Compared to the one decent complete recording available in French, with the rather tight, dry-voiced John Aler as Chapelou/Saint-Phar, the singing here is not only more attractive to the ear but livelier. It almost, but not quite, has the sparkle of the “wrong-language” German recording of the opera with the late Robert Swensen in the title role and Pamela Coburn (note, both Americans) as Madeleine/Madame de Latour. But it is that word “almost” that stands between pleasant enjoyment and all-out fun, and in that respect I place the blame on conductor Sébastien Rouland, a somewhat stodgy routinier who clearly knows the music but doesn’t know how to make the first act sparkle. At times he pulls a Giuseppe Sinopoli, conducting one section briskly and the next too slowly. He has also chosen to include most of the spoken recitatives, much of which is delivered in an over-the-top manner. This, however, can be forgiven in that Postillon is a bit of a comic farce anyway.

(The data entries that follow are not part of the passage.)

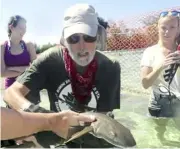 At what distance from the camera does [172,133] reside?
4.13 meters

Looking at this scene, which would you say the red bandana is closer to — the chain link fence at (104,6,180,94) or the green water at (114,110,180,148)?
the green water at (114,110,180,148)

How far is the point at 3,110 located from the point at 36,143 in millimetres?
759

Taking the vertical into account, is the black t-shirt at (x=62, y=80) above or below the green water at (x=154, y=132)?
above

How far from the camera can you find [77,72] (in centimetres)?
305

But what a feast for the eyes this prediction is! Director Michel Fau and his set designers really outdid themselves in not only providing nice, retro-but-not-exact-looking sets and costumes, but in infusing those sets and costumes with all the colors of the rainbow. Except for when the camera is focused on mid-range and close-ups of Spyres and Florie Valiquette, which it is quite often, the production is a real treat for the eye and captures the mood and flavor of the opera perfectly. It almost looks like a Georges Méliès film in color.

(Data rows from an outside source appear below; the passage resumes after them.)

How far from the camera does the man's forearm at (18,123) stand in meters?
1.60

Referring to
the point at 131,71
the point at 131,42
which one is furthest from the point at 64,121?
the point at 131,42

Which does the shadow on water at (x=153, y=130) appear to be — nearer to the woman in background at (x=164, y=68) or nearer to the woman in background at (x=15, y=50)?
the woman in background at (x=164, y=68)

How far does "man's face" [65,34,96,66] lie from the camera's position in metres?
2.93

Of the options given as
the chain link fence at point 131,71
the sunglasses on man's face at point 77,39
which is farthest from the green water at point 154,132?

Interestingly, after the rather stodgy first act, Rouland and his orchestra wake up and realize that this is supposed to be a sparkling French comedy. The conducting and playing in the second and third acts sounds like an entirely different conductor. No longer is he fussing around with the tempi; he is equally caught up in the liveliness of what is going on onstage. Perhaps Spyres and Valiquette came round to his dressing room after the first act and gave him something to pep him up (hopefully, nothing illegal), but whatever the case, the rest of the opera flies as if it had wings.

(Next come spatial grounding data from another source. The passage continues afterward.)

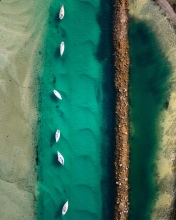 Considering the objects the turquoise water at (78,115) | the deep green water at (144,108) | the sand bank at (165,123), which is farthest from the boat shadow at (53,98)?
the sand bank at (165,123)

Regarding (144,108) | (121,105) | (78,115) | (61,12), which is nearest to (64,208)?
(78,115)

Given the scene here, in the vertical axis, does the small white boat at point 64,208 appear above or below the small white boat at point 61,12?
below

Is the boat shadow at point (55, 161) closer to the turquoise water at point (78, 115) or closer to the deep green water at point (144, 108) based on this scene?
the turquoise water at point (78, 115)

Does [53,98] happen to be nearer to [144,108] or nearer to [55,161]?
[55,161]

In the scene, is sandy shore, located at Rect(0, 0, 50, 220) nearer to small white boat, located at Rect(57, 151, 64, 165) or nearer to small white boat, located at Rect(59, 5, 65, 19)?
small white boat, located at Rect(59, 5, 65, 19)

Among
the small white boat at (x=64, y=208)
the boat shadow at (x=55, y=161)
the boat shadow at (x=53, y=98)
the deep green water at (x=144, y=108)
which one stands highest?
the deep green water at (x=144, y=108)

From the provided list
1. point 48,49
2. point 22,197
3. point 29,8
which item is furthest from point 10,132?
point 29,8

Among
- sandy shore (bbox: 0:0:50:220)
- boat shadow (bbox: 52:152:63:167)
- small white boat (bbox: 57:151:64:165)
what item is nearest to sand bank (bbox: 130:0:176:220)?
small white boat (bbox: 57:151:64:165)

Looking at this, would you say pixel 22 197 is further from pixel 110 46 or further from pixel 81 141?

One thing I questioned musically was the profusion of trills that Spyres throws into his famous aria. Other tenors with trills, such as Helge Rosvaenge, Joseph Schmidt and Nicolai Gedda, recorded the aria with but one trill near the very end, but Spyres tosses them off as if he is throwing out Frisbees in the park. The one score I checked, a pretty old one from the 19th century, didn’t have those extra trills in it. To me it sounds like too many frills in an aria that’s already a showcase and a half. Franck Leguérinel, the French comic baritone who sings the Marquis de Corcy, tends to overact all of his spoken recitatives as well as his parts in the duets, but his command of French patter is spot-on. In his difficult Act II aria, Spyres even outdoes Swenson in vocal control and virtuosity. And, in his final aria, Spyres not only sings more trills but throws out a high E—not an E-flat, folks, but an E!—in a bright, ringing voix mixte that has to be heard to be believed.
Thus this is a performance that accelerates, and although I still think the first act was stodgy and a bit underplayed by the orchestra, I absolutely have to recommend this as the best French-language version of the opera yet recorded. I think you will agree.